This Olympics delay thing. It's put on brutal display the big, and I mean big, disconnect between network TV and the Web.

This scene was enacted in millions of American homes over the weekend:

Family member (comes in, thumbs working his/her mobile phone): "Too bad Michael Phelps lost, huh?"

Everyone in the house (media-dark so they can watch the evening's delayed Olympics broadcast): "WHY DID YOU TELL ME??????"

Happened at my place. You?

This Olympics delay thing. It's put on brutal display the big, and I mean big, disconnect between network TV and the Web.

If you're Web-linked (and who isn't?) and want to come fresh to the delayed broadcasts - if you want the surprise of televised sport at all - you just about have to go on a Twitter timeout. Facebook fast. Web wipeout. Not even radio news (at least CBS Radio News apologized: "Spoiler alert . . . ").

TV lives on primetime. NBC has made million-dollar promises to sponsors, who've shelled out big bucks for mega-eyeball action.

Twitter? Facebook? The Web? Second-by-second, minute-by-minute, every second, every minute. News gets out as fast as you can say, "140 characters." It's everywhere. And you can't stop it.

The Web's way ahead. Has been for a while now. The death of Michael Jackson; the Haitian earthquake: the Japan tsunami; the Chinese quakes - Twitter's there first, Facebook close second.

That's why, all over the Web, thoughtful venues are doing what this local ABC Web article did: "Please be advised: this story contains results from the Games of the XXX Olympiad, in London, England. This event may not have aired yet. If you wish to not know the results, do not click through to this article." Forgive the split infinitive; they're being nice. As of Monday morning, the Google search "spoiler alert" Olympics drew 1.75 million results.

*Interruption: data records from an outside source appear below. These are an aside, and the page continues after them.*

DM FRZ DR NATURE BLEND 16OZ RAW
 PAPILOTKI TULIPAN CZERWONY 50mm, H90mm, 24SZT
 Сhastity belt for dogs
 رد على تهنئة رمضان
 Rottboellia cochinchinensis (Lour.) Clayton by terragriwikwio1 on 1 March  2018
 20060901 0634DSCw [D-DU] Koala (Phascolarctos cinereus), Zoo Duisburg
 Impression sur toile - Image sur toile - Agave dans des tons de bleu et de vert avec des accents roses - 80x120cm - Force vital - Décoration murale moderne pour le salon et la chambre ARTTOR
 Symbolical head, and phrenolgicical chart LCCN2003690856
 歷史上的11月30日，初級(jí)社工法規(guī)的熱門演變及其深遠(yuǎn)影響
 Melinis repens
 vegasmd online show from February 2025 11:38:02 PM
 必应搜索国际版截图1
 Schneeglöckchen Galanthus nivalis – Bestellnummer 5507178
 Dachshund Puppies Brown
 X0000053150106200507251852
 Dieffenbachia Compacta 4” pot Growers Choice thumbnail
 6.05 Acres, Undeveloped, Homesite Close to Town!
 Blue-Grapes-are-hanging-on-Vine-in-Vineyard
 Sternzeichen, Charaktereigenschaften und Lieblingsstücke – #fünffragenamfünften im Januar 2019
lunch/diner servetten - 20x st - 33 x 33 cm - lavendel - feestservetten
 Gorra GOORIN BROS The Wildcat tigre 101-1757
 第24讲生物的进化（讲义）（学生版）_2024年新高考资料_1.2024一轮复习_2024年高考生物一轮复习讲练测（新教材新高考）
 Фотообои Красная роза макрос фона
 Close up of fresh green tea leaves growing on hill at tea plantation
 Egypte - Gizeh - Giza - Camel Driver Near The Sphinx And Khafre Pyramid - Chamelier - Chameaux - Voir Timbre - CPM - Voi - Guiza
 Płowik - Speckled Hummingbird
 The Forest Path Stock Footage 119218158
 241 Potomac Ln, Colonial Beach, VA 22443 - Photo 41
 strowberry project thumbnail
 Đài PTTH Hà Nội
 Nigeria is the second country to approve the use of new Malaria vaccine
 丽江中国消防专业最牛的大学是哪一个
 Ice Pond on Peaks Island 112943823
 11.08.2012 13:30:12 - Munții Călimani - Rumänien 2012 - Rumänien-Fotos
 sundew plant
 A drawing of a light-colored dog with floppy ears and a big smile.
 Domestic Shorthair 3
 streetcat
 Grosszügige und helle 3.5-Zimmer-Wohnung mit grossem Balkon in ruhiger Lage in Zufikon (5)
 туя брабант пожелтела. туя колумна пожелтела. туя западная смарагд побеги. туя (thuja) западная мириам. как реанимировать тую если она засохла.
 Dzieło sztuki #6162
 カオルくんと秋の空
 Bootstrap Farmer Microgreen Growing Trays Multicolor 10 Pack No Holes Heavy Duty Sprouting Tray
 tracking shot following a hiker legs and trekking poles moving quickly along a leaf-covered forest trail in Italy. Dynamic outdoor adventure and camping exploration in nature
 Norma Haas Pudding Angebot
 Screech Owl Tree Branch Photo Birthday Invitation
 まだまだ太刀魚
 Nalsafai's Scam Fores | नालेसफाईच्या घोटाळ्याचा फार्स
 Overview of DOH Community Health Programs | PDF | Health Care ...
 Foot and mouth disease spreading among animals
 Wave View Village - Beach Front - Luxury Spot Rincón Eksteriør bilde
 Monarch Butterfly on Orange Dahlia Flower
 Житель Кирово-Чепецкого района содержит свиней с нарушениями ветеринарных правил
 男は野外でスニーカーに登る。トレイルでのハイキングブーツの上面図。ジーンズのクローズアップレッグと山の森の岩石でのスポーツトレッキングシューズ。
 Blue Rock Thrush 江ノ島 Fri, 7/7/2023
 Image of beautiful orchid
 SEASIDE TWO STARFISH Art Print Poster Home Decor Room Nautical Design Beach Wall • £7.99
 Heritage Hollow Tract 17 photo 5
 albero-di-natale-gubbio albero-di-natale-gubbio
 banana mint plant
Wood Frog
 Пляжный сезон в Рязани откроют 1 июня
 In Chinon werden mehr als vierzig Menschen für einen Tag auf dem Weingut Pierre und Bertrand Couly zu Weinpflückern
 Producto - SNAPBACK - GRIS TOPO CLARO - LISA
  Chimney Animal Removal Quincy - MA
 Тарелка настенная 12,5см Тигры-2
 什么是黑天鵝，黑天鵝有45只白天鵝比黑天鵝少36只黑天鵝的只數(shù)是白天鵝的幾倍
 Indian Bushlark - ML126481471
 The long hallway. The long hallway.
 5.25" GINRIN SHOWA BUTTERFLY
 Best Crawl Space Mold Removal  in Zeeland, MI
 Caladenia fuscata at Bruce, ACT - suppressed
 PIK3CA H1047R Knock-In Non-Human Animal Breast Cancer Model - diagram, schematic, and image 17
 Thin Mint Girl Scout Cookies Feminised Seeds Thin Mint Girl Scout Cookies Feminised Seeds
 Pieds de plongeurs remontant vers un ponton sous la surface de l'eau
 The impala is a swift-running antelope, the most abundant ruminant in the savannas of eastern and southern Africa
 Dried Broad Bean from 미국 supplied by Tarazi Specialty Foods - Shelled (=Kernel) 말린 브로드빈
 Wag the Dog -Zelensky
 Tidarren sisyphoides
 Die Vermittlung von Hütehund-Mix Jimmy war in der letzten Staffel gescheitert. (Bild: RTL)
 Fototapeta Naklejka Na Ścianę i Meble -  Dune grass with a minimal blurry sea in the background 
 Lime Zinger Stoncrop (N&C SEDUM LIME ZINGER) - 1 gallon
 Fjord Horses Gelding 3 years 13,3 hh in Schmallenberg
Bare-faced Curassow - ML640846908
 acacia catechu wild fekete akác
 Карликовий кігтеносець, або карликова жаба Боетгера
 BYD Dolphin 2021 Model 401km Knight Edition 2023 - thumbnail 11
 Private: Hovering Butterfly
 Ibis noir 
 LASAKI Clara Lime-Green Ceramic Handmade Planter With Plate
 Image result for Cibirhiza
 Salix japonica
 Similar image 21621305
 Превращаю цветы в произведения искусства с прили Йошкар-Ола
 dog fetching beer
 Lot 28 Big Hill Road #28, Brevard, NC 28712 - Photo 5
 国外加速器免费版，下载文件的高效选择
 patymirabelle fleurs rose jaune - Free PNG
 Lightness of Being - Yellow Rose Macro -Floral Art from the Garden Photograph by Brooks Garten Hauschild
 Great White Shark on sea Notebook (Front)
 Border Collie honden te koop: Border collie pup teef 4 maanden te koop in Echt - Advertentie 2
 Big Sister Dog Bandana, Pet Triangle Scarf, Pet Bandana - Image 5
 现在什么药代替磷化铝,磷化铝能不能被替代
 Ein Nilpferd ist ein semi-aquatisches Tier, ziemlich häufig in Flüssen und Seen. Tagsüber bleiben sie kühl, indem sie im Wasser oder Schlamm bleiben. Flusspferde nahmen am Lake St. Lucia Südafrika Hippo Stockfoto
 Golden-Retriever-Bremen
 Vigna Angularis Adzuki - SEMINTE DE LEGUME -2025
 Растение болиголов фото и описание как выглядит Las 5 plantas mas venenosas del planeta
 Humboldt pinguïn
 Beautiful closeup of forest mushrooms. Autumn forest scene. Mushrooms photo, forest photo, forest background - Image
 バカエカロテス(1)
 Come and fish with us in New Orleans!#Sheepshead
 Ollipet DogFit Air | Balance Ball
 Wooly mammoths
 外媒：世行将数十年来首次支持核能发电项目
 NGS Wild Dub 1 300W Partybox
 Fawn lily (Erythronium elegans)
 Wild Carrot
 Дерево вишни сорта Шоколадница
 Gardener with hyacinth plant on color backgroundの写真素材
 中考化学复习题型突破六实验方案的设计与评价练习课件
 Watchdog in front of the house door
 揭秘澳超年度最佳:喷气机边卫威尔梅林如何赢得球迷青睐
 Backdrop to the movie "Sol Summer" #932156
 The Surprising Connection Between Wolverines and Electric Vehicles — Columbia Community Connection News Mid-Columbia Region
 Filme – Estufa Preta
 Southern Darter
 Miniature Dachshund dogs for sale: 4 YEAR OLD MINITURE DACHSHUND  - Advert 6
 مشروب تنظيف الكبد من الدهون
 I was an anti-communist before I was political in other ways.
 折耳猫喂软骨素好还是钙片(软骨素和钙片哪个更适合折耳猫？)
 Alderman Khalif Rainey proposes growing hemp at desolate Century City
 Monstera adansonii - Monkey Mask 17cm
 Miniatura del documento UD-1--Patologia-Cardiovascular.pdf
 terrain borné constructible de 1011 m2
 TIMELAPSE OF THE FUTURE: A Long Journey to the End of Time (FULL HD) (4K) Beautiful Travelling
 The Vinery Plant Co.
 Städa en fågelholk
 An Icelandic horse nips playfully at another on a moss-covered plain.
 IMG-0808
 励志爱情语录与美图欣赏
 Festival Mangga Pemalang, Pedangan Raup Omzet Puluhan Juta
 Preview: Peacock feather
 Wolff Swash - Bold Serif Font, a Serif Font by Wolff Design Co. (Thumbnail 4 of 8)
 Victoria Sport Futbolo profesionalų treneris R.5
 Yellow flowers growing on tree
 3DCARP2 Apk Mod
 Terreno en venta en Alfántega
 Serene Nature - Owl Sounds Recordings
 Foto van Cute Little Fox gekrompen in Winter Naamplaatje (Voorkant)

Just in the first weekend, I encountered several people, frustrated that some unwitting soul had told them, oh, I don't know, who won the women's bicycle road race. Groans! Whyyyyy?

For the record, this isn't new. In the mid-1970s, VCRs (remember them? the letters stood for videocassette recorder . . . remember cassettes? anybody?) became widely available. It wasn't long before millions were timing recordings and watching them later, at their leisure. As of 2012, "timeshifting" has become central. Many of us watch more recorded material than screen-fresh.

Timeshifting, however, gave birth to a new human behavior: The warning "I am recording [favorite show]; don't tell me what happens." In the middle of conversations about, let's say, the last episode of The Sopranos, somebody'd stick fingers in ears and go, "Nyanyanyanya" or cry out, "Shut up! Have you no sense of decency?"

First time I ever saw this was when my brother-in-law, Phil, dementedly devoted fan of all Chicago sports, and living in Manhattan, sternly warned us all not to discuss (1) the 1984 National League Playoffs, until he watched them, and then (2), for years, anything having to do with Michael Jordan. Until he watched it.

Problem is, as Web pundit Jeff Jarvis notes in a fine Huffington Post piece (http://huff.to/OcWhdj), you can't control information. Twitter is "a gigantic spoiler machine" on which millions post what they know the moment they know it.

Besides (as Jarvis also notes), if Twitter doesn't spoil it, the next person you meet will lead with, "Big Phelps fail, huh?"

In my house during the recent French Open, I, thanks to Twitter and RSS feeds from various news orgs, played spoiler three straight times, despoiling hot news of Rafael Nadal, Roger Federer, and Maria Sharapova. My wife tweets not.

My brother-in-law Phil and my wife both love the fresh, never-can-tell element. That's a lot to lose.

And a lot of people are losing it over these Olympics.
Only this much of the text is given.